This Could Be Bad News
January 8th 2007 23:57
Russia's Deputy Trade and Economic Development Minister Andrei Sharonov said that Moscow had been forced to suspend oil exports via the Druzhba, or Friendship, pipeline after disruptions he blamed on Minsk. "We view this situation as force majeure," he said in an interview with Russian news channel Vesti, according to the ITAR-Tass news agency.
The Druzhba pipeline, coming from Russia and into Belarus, later splits into two spurs with the bigger one, the northern leg, going to Poland and to Germany. The northern leg pumps crude to refineries in Poland and Germany and for re-exports from the Polish Baltic Sea port of Gdansk. The pipeline's southern leg travels across Ukraine to Hungary, Slovakia and the Czech Republic.
Russia's pipeline monopoly Transneft said on Monday it was forced to act because Minsk had been siphoning off oil illegally from the Druzhba ('Friendship') pipeline system. It is unclear whether the Russians stopped the oil or Belarus cut off the pipeline. The truth is somewhere in the middle:
Transneft Vice-President Sergei Grigoryev told Reuters: "The Belarussian side began taking transit oil as payment in kind for a new duty it had illegally imposed." "We therefore reduced transit supplies, equal to the amount being taken. We then reached the point where we had to stop supplies completely."
Ending a little more than a week ago in a near total Russian victory, a deal forced on Lukashenko's government doubled the price of natural gas sold to Belarus, and transferred control of Belarus' natural gas pipeline network to the Russian company Gazprom. The modern Russian position was, and remains: "The Belarusians should pay full price, just like everyone else."
Then, without warning, Belarus as of the New Year imposed a 45 dollar "surcharge" fee for every ton of Russian oil crossing Belarus, in excess of previously- agree-upon transit rates.
"They want to charge us full price, fine," Lukashenko said. "Then we will charge them." "I have always said that our 'the strategic trump' of Belarus is our location," he said. "If we have to take advantage of it, we will."
A a week later, early on Monday morning, the Belarusians shut off the Druzhba oil line entirely, effectively holding one of Russian government's largest income streams hostage, and drawing to ignored little Belarus the undivided attention of energy ministers from the Adriatic to the Baltic, reports DPA.

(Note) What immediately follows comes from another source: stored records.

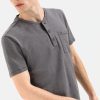 Modasnap.shopa51f4ff302 4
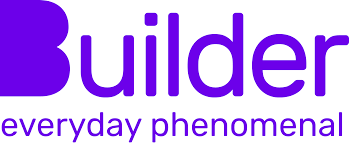 Builder-everyday-phenomenal-graphic-image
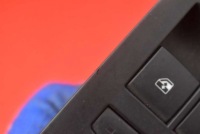 фото thumb №9, Панель керування вікон eu 13305011 opel astra 4 iv j lift 11-20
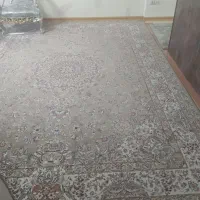 دوتا 12متری  1دونه 9متری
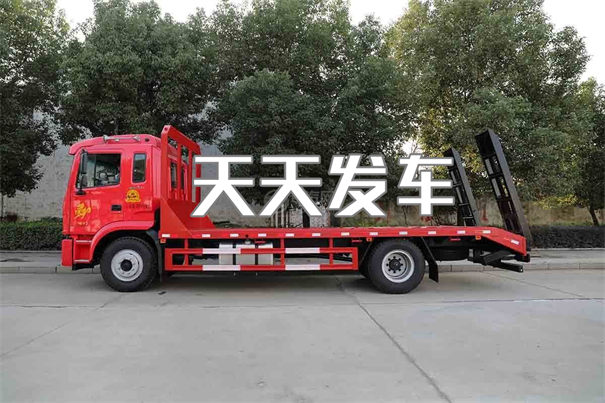 阜阳到济宁货运公司价格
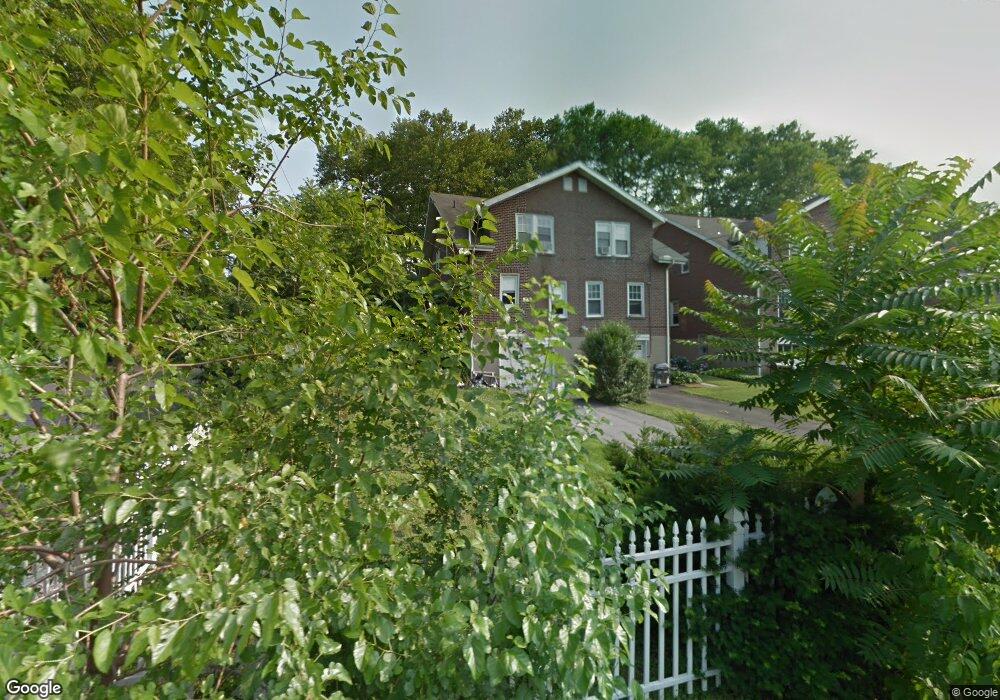 1402 W Union Blvd, Bethlehem, PA 18018 - photo 1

Russian Deputy Economy Minister Andrei Sharonov said he saw little chance of a de-escalation. "It looks like we are heading into a trade war," he told Ekho Moskvy radio.
"This has not caused any acute threats to our energy supply. But there have been transit problems again and again over the past few years," German Chancellor Merkel said in a German television interview. "We need legal protection, we need contract security."
European oil markets rose, with Brent crude futures gaining by $1.08 to $56.71 per barrel in London. But oil traders appeared relaxed, for now at least, given ample oil in storage. "It's a bit of a shock right now, but the market is not responding that fast; we've got used to this kind of thing," one fuel oil trader said, according to Reuters.